== Problem requirements ==
There is material below. Print exactly the lines starting at the line with "身長162cm ユニクロ ニット" and ending at the line with "Дрочил потому что тоже гей", ends included, and no others.
+++ Records shown +++
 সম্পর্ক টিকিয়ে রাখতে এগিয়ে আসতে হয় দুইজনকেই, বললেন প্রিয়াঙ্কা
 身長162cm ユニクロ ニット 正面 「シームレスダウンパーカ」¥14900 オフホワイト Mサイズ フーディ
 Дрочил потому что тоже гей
+++
+++ Records shown +++
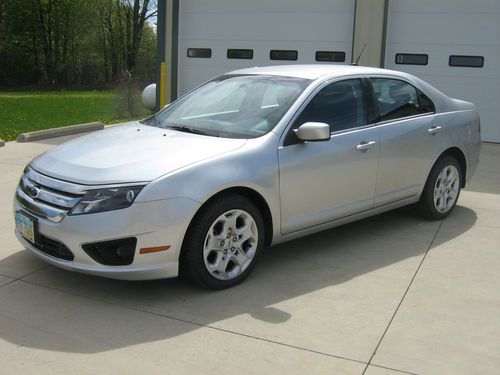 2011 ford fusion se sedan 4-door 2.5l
+++
+++ Records shown +++
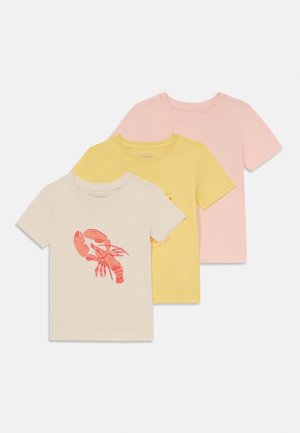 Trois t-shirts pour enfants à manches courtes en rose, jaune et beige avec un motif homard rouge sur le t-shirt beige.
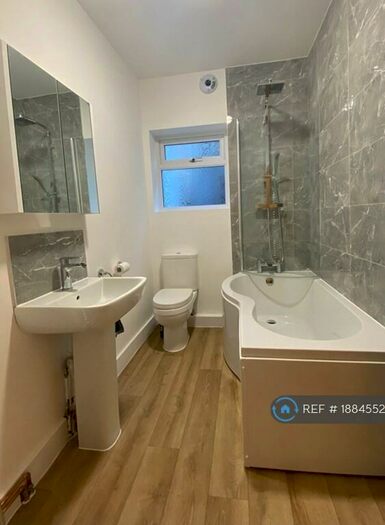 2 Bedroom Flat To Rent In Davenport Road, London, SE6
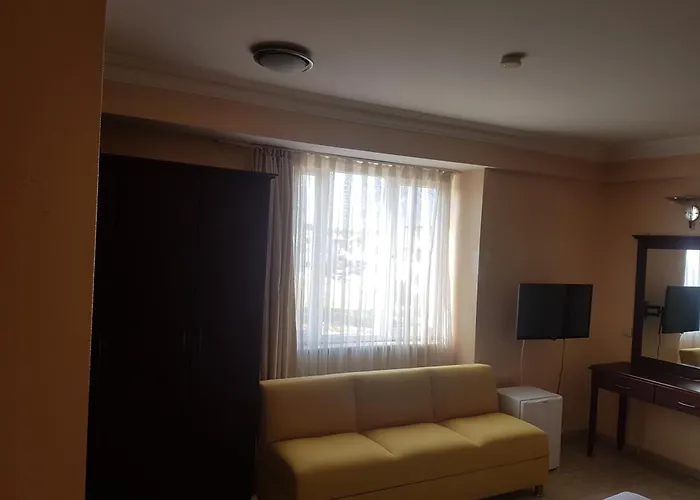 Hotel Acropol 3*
+++
== Output below ==
 身長162cm ユニクロ ニット 正面 「シームレスダウンパーカ」¥14900 オフホワイト Mサイズ フーディ
 Дрочил потому что тоже гей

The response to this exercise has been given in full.